TASK BRIEF
Each line below from the line with "Hi everybody, I'm" to the line with "The next item" must be copied exactly, including those two, and no picture may appear in the copy.

DATASET CONTENT
┄┄┄┄┄┄
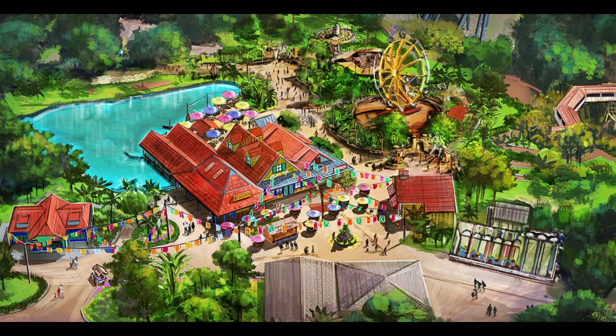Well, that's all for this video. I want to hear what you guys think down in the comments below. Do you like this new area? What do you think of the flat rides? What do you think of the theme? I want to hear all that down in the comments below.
┄┄┄┄┄┄
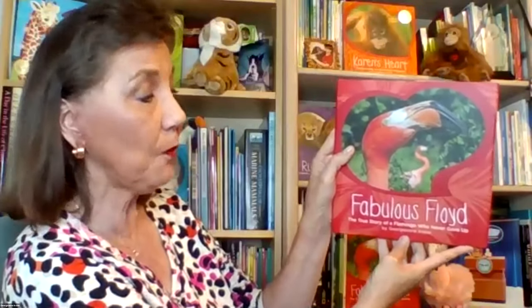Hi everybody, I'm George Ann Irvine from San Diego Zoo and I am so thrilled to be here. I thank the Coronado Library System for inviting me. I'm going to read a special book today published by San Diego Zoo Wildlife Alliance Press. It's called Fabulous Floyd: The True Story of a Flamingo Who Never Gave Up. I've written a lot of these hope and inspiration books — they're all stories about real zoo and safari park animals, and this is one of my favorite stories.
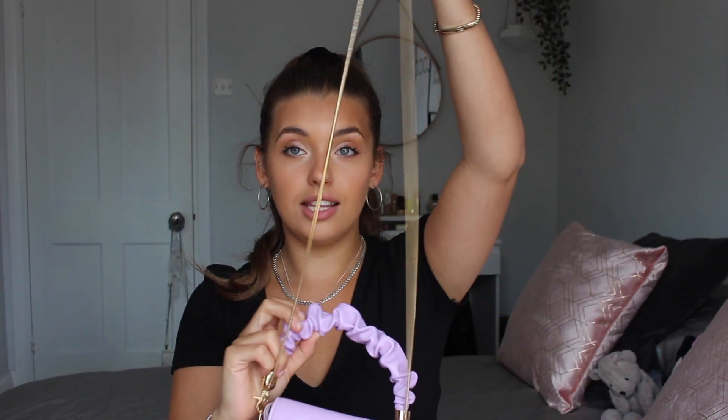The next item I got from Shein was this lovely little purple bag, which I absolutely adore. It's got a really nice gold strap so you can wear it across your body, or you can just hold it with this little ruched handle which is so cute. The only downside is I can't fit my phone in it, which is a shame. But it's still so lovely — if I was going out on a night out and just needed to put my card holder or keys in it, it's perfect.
┄┄┄┄┄┄
SOLUTION TO THIS TASK
Hi everybody, I'm George Ann Irvine from San Diego Zoo and I am so thrilled to be here. I thank the Coronado Library System for inviting me. I'm going to read a special book today published by San Diego Zoo Wildlife Alliance Press. It's called Fabulous Floyd: The True Story of a Flamingo Who Never Gave Up. I've written a lot of these hope and inspiration books — they're all stories about real zoo and safari park animals, and this is one of my favorite stories.
The next item I got from Shein was this lovely little purple bag, which I absolutely adore. It's got a really nice gold strap so you can wear it across your body, or you can just hold it with this little ruched handle which is so cute. The only downside is I can't fit my phone in it, which is a shame. But it's still so lovely — if I was going out on a night out and just needed to put my card holder or keys in it, it's perfect.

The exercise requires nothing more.